DAN BICKLEY

GM Steve Keim’s desperate moves are dooming winless Cardinals

Sep 30, 2019, 6:18 PM | Updated: 6:46 pm

Those who play football for the Arizona Cardinals were warned after their 27-10 loss to the Seattle Seahawks: Tune out the noise in the days ahead.

It’s good advice. The sound of silence can be deafening.

Four games into a new season and the Cardinals are once again winless, just like they were under Steve Wilks. The new offense is more dink-and-dunk than new-age innovation. Two veteran players have been shipped out under strange circumstances, from positions where depth is a serious issue.

Attending games at State Farm Stadium is no longer a party.

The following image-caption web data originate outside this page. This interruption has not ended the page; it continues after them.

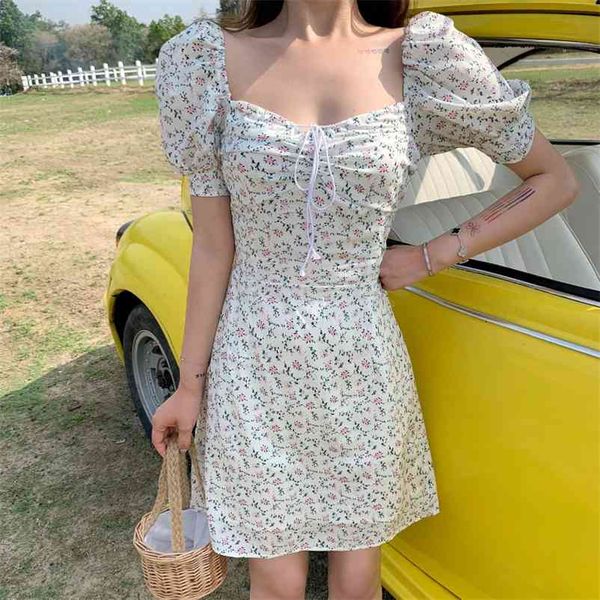 floral print summer dress women chic short sleeve casual square collar white party elegant vestidos 210521, Black;gray
floral print summer dress women chic short sleeve casual square collar white party elegant vestidos 210521, Black;gray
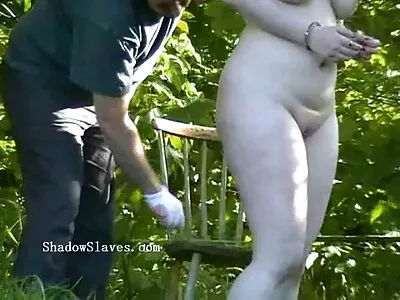 Gata pequena com peitos grandes monta filme de sexo mulher nua seu homem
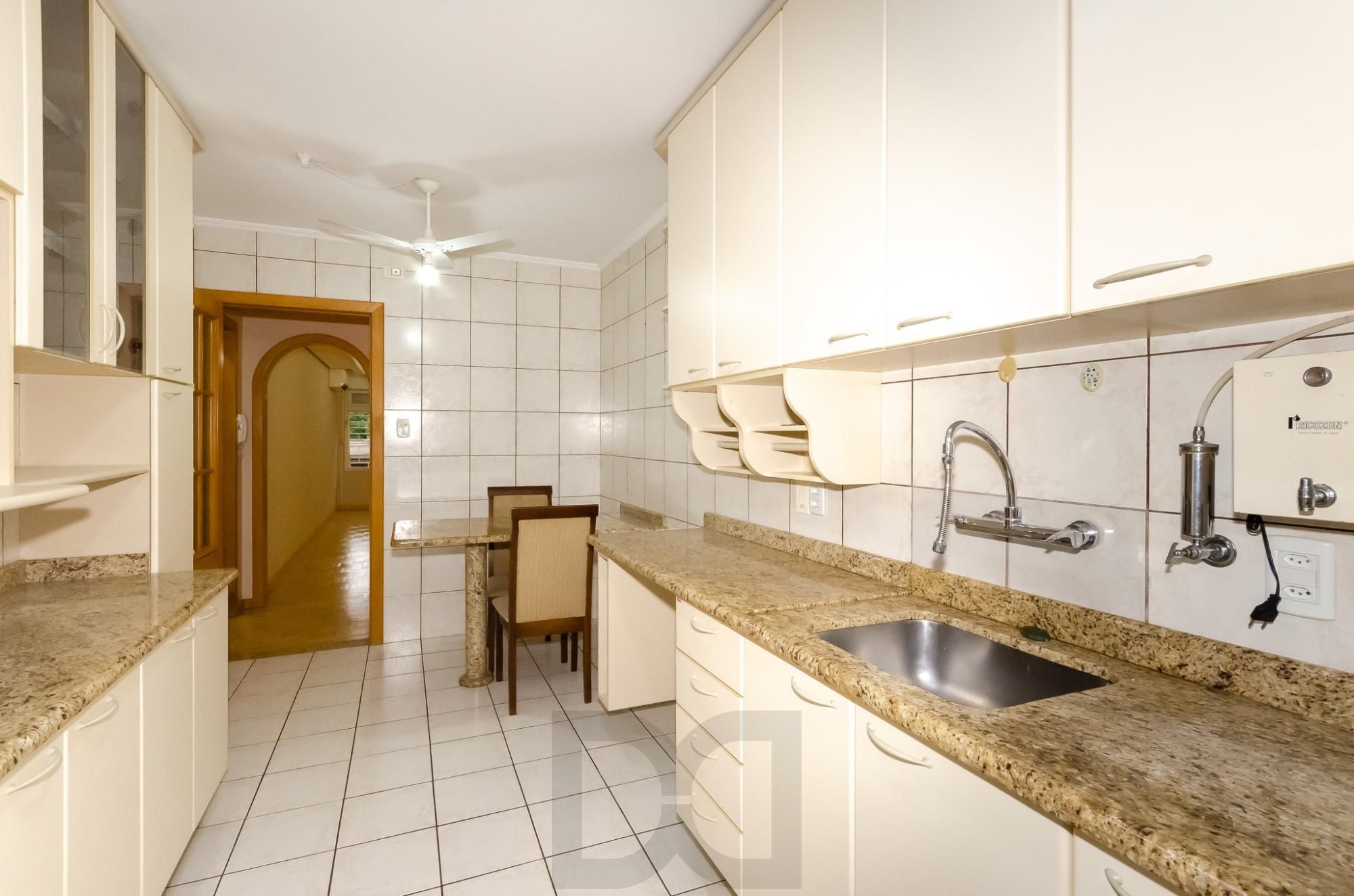Edifício Ione Apartamento 3 dormitórios no Bairro Petrópolis — foto 9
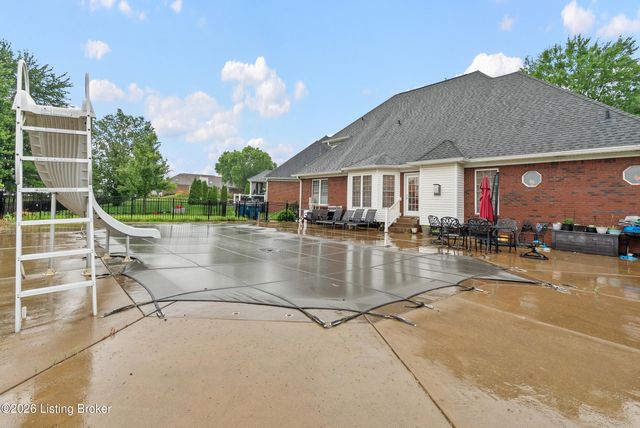 10711 Marceitta Ct, Louisville, KY 40291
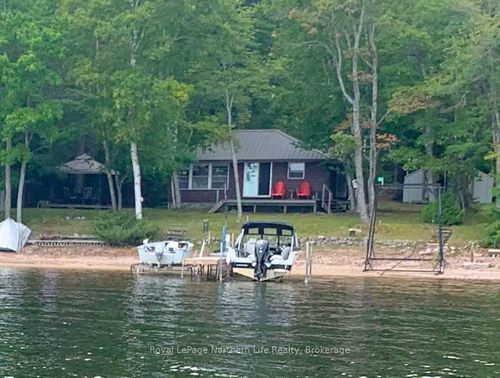 16 Muskie Bay Lake Nipissing N/A, Nipissing, ON, P0H1W0 | Card Image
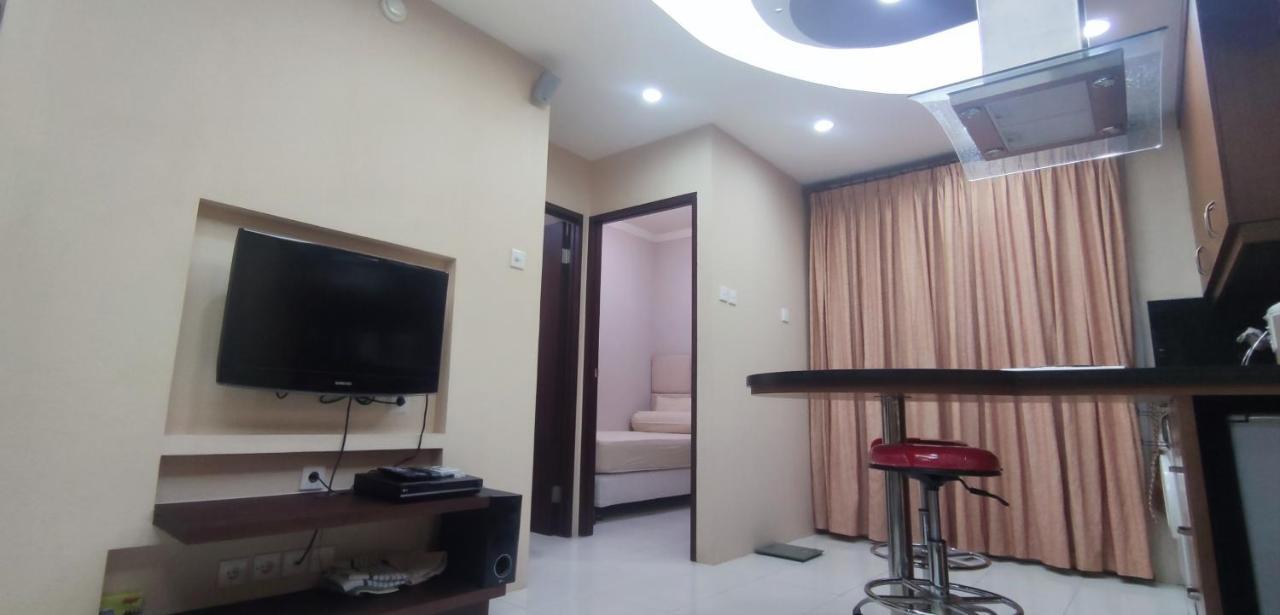 Ferienwohnung Classy! 2Br Medit2 & Gm West Jakarta Exterior foto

It’s a place where the home team is 1-9-1 since 2018. The vanishing scene in Glendale is approaching a tipping point that can’t be sugarcoated by sycophants, suck-ups and the team’s vaunted sellout streak.

During the buildup to the 2019 season, the Hail Mary pairing of head coach Kliff Kingsbury and quarterback Kyler Murray made the Cardinals one of the more compelling stories in the NFL. Skip Bayless declared himself a Murray fanatic. Peter King swore he was going to pay full attention to every snap in Arizona. Everyone was riveted, and for good reason.

Just one month into this grand experiment, and the Cardinals are already dealing with the specter of a winless season and the threat of creeping apathy.

This might be Steve Keim’s greatest failure since his lofty promotion from scout to general manager many years ago, risking everything on the rarest of rookie head coach and quarterback combinations, only to sabotage them both with a faulty infrastructure.

But that’s what happens when team-building decisions are made from a place of desperation, from a GM who has clearly lost his touch.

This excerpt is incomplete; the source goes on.